The RV, mini-van and our companions in the Penguin truck crept past ancient cliffs the color of cinnamon and rust, where amidst the century plants, the Joshua trees and ocotillo, lay a dusting of bright yellow desert wildflowers.

From Kingman to Oatman (where we waded through a small sea of burros roaming wild on the streets) we sought and found, knowing that California was just over the last jagged crest of mountains.

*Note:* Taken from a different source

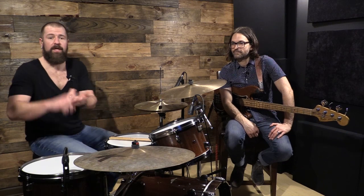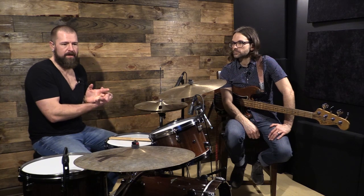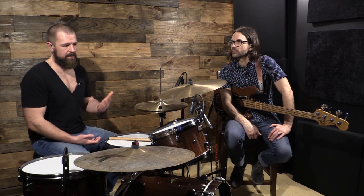Roy and I started talking and there were some issues that we wanted to talk about with what we felt were like the pillars of a drummer in a playing situation — whether that be playing with music in your basement, playing with friends that come over in your garage, maybe you're a weekend warrior, or maybe you're touring. It's things that we found through working professionally that have to be there for a drummer. And we want to go through those and break them out.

It was hard to resist stopping at high above at Sitgraves Pass, where we finally got our first glimpse of California’s central valley unfurling before us, its irrigated orchards and fields, green with promise and read aloud from the novel, word for word. Would you believe that I could actually feel us all relax, one tremendous sigh, as we descended from the twisted mountains into that familiar light and air, greeted by the long-sloped shoulders of the autumn hills and great valley oaks?

What does home mean to you? I had never realized how intimate that palette of the central valley was to me, where the sunlight was indeed golden and the sky a washed out hazy blue. We hitched up off the 66 onto Highway 99, a visual inversion that made me smile, into Bakersfield. How fitting it was that due to our arrival in mid-October, with the stone fruit and grapes harvest finished, the migrants have moved on to the next town— some returning to the California Mexico border, some to other towns to wait until word spreads of more work.

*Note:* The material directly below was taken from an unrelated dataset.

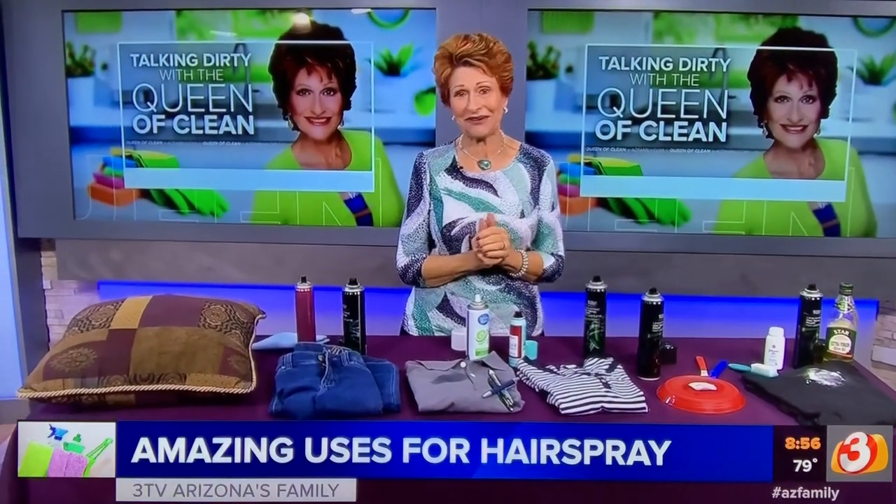If you're looking for a printable copy of everything, go to queenatclean.com. Check me out on Facebook at Real Queen at Clean and Real Queen at Clean on Instagram. Thanks for talking dirty with the queen!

We had made it to the end of the book, actually living out an astonishing exploration of the novel chapter by chapter, and in the process aligning real life and people to Steinbeck’s words. We were in the middle of it all, as the road opened before us and every single day things were forgotten, blown, and yearned for. Every day we fell in love with some strange new person in a different town.

Night, night, night until the following morning.